Saved data entries:
◆ ◆ ◆ ◆
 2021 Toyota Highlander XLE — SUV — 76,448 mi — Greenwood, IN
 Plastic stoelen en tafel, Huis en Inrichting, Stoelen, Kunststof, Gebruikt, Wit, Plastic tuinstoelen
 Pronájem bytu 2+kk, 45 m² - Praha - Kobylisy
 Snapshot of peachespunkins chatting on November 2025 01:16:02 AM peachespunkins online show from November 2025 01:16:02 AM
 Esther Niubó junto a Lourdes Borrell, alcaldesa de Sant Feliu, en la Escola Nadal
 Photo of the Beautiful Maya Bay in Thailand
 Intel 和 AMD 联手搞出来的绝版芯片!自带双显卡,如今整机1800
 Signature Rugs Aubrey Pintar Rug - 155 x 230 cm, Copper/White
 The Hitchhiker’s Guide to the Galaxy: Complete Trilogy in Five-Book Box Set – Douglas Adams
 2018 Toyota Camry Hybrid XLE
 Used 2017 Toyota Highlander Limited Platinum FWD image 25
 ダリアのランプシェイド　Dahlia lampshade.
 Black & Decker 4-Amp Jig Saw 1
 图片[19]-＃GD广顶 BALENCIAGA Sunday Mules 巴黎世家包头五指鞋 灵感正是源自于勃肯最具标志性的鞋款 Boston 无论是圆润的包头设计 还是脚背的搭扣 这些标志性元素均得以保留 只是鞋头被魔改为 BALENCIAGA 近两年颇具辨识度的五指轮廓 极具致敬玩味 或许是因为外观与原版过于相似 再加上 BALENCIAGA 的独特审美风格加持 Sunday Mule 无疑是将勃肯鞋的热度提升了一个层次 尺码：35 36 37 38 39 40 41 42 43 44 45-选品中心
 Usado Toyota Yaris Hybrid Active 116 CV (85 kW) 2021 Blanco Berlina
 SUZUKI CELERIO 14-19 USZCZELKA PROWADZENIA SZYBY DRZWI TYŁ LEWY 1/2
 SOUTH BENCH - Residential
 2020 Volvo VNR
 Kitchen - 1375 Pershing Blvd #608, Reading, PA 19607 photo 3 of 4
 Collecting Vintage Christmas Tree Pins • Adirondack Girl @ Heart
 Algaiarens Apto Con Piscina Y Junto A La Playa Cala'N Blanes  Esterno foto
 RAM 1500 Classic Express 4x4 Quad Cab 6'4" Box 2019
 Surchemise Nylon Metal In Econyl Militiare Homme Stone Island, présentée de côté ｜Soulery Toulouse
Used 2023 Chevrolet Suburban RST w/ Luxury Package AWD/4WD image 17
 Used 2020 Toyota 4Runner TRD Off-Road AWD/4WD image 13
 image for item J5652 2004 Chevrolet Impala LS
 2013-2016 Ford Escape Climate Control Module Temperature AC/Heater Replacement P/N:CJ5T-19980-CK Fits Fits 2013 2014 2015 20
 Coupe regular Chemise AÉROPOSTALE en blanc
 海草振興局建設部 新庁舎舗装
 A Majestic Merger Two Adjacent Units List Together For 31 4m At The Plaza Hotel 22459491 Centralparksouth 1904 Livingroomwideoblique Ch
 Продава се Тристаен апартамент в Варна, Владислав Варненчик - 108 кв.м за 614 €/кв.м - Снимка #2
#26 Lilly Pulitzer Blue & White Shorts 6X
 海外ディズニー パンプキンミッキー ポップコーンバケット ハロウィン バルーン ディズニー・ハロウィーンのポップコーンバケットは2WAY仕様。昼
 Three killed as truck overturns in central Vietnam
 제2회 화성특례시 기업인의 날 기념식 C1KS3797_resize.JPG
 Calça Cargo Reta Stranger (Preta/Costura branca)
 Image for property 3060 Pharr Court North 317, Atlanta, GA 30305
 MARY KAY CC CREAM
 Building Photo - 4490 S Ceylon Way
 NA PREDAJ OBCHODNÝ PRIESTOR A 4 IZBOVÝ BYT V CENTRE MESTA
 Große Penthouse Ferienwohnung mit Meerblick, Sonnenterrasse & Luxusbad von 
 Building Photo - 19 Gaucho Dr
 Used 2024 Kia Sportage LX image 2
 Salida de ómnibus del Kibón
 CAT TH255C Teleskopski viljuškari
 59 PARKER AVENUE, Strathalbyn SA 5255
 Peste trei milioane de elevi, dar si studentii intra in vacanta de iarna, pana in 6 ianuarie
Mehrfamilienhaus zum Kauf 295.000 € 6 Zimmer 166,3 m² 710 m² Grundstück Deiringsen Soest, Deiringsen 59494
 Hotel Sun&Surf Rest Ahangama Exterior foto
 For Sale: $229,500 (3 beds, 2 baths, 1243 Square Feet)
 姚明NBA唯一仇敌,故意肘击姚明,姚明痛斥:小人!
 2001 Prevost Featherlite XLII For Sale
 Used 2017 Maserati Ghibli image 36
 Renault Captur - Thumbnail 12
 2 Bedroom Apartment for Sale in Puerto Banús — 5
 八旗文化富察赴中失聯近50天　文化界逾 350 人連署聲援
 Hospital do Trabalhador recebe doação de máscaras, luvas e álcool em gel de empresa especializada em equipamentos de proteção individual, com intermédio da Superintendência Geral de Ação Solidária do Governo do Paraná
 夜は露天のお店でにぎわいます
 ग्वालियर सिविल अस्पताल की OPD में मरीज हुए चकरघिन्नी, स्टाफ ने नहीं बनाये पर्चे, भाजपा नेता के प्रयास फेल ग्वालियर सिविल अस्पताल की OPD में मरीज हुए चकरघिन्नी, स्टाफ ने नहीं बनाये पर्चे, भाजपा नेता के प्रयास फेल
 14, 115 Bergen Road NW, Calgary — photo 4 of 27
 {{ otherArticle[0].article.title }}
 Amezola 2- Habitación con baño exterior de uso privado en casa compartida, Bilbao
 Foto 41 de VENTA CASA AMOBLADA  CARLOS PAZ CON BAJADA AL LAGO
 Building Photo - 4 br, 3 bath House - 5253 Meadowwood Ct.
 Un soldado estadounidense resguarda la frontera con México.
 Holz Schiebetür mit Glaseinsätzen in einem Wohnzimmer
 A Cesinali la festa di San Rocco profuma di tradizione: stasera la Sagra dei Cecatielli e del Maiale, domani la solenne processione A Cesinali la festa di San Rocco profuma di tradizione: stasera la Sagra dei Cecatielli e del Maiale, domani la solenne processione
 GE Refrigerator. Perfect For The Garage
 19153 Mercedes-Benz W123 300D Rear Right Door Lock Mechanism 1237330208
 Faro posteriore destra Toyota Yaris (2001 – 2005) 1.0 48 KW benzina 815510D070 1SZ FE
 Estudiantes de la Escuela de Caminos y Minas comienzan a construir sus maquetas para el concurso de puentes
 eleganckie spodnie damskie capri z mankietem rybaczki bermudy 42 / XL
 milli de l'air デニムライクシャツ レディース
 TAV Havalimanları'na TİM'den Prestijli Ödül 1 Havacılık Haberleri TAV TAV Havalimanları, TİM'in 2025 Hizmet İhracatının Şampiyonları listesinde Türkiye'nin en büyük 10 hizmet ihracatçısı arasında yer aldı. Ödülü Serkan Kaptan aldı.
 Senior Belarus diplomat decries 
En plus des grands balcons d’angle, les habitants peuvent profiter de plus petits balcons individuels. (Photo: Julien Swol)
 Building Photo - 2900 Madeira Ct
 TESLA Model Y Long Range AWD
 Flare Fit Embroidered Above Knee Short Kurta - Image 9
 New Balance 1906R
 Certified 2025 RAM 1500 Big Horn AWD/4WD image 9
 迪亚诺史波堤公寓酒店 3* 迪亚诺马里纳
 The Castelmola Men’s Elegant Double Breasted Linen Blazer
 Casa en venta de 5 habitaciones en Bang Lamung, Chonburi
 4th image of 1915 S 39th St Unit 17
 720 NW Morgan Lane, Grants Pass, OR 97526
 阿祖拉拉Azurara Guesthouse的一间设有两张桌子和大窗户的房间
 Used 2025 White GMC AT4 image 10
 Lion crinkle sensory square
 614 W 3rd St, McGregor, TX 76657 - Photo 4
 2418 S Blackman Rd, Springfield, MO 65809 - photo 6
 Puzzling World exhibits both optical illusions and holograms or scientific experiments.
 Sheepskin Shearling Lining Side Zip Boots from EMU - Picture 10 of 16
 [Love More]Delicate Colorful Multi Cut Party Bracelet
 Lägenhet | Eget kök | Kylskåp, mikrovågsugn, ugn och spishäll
◆ ◆ ◆ ◆
ACTION ITEM: Could you restate word for word the lines above, from the one that contains "#26 Lilly Pulitzer Blue & White Shorts 6X" through the one that contains "八旗文化富察赴中失聯近50天　文化界逾 350 人連署聲援", and no others?

EXERCISE OUTPUT:
#26 Lilly Pulitzer Blue & White Shorts 6X
 海外ディズニー パンプキンミッキー ポップコーンバケット ハロウィン バルーン ディズニー・ハロウィーンのポップコーンバケットは2WAY仕様。昼
 Three killed as truck overturns in central Vietnam
 제2회 화성특례시 기업인의 날 기념식 C1KS3797_resize.JPG
 Calça Cargo Reta Stranger (Preta/Costura branca)
 Image for property 3060 Pharr Court North 317, Atlanta, GA 30305
 MARY KAY CC CREAM
 Building Photo - 4490 S Ceylon Way
 NA PREDAJ OBCHODNÝ PRIESTOR A 4 IZBOVÝ BYT V CENTRE MESTA
 Große Penthouse Ferienwohnung mit Meerblick, Sonnenterrasse & Luxusbad von 
 Building Photo - 19 Gaucho Dr
 Used 2024 Kia Sportage LX image 2
 Salida de ómnibus del Kibón
 CAT TH255C Teleskopski viljuškari
 59 PARKER AVENUE, Strathalbyn SA 5255
 Peste trei milioane de elevi, dar si studentii intra in vacanta de iarna, pana in 6 ianuarie
Mehrfamilienhaus zum Kauf 295.000 € 6 Zimmer 166,3 m² 710 m² Grundstück Deiringsen Soest, Deiringsen 59494
 Hotel Sun&Surf Rest Ahangama Exterior foto
 For Sale: $229,500 (3 beds, 2 baths, 1243 Square Feet)
 姚明NBA唯一仇敌,故意肘击姚明,姚明痛斥:小人!
 2001 Prevost Featherlite XLII For Sale
 Used 2017 Maserati Ghibli image 36
 Renault Captur - Thumbnail 12
 2 Bedroom Apartment for Sale in Puerto Banús — 5
 八旗文化富察赴中失聯近50天　文化界逾 350 人連署聲援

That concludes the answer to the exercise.